───── Information provided

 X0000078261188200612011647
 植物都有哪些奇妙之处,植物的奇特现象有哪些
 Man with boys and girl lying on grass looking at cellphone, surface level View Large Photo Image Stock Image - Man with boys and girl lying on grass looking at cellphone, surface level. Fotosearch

──────────

*What is needed:*
Reproduce the material exactly, with every line intact.

*Problem solution:*
 X0000078261188200612011647
 植物都有哪些奇妙之处,植物的奇特现象有哪些
 Man with boys and girl lying on grass looking at cellphone, surface level View Large Photo Image Stock Image - Man with boys and girl lying on grass looking at cellphone, surface level. Fotosearch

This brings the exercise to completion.